The wearable banana consists of a small LED screen with sensors embedded inside the peel, which is then stitched back together. In addition to displaying tweets of encouragement and advising runners to eat more bananas, it also measures heart rate and race time. This year, two of the race’s 30,000 runners will have the chance to wear smart bananas on their wrists during the marathon. A Kagome employee will wear the tomato-dispenser during Saturday’s five-kilometer fun run and on Sunday, a Kagome-sponsored runner will sport a smaller version of the product.

Lenovo in hot water over potential adware shipped with laptops and PCs

Image taken from http://www.notebookreview.com
Image taken from http://www.notebookreview.com

Lenovo (who’s motto is For those who do), has indeed done something. They have been forced to remove a hidden adware program that was shipping on its laptops and PCs after users expressed anger.

Dubbed Superfish, the application was injecting adverts on to browsers using techniques similar to how malware operates. According to Lenovo ofifcials, Superfish was preloaded on to a select number of consumer models only. Superfish was designed to help users find products by visually analyzing images on the web to find the cheapest ones. Adware such as this is widely regarded in the industry as a form of malware because of the way it interacts with a person’s laptop or PC.

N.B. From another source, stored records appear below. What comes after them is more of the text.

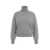 MVM Turtleneck sweater in cashmere Grey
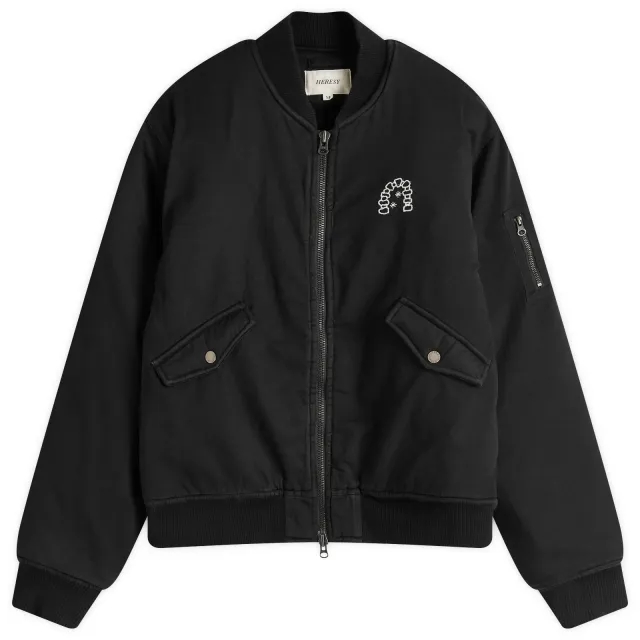 Heresy Men's Early Man Bomber Jacket Ash
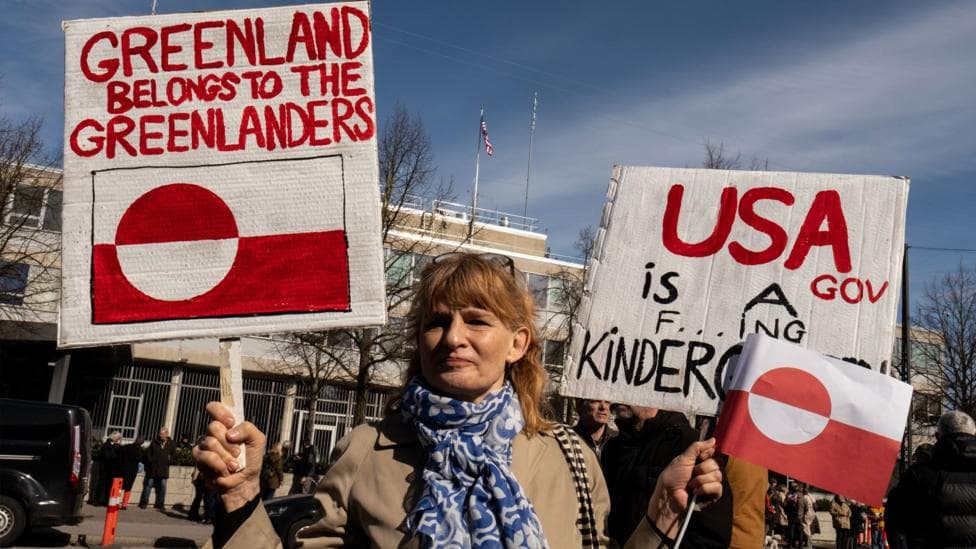 European allies back Denmark over Trump's threat to annex Greenland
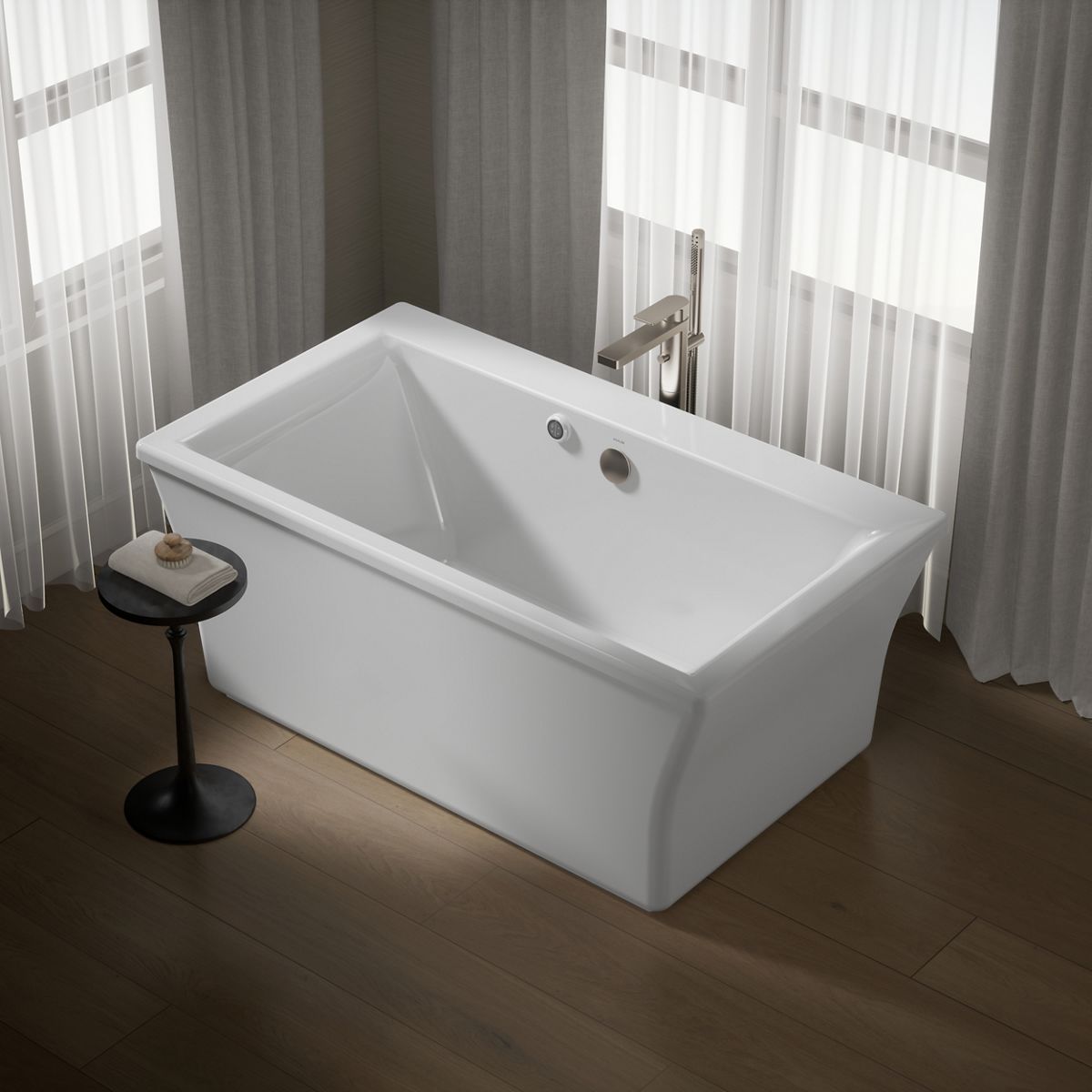 Products in use in close room view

According to security experts, it appears that Lenovo had given Superfish permission to issue its own certificates, allowing it to collect data over secure web connections, known in malware terms as a man-in-the-middle attack.

Although Lenovo has said that it has removed Superfish from new machines and disabled it from others, it was unclear what the situation would be for machines where it had already been activated.

Any Lenovo users in the crowd? Better get this checked out.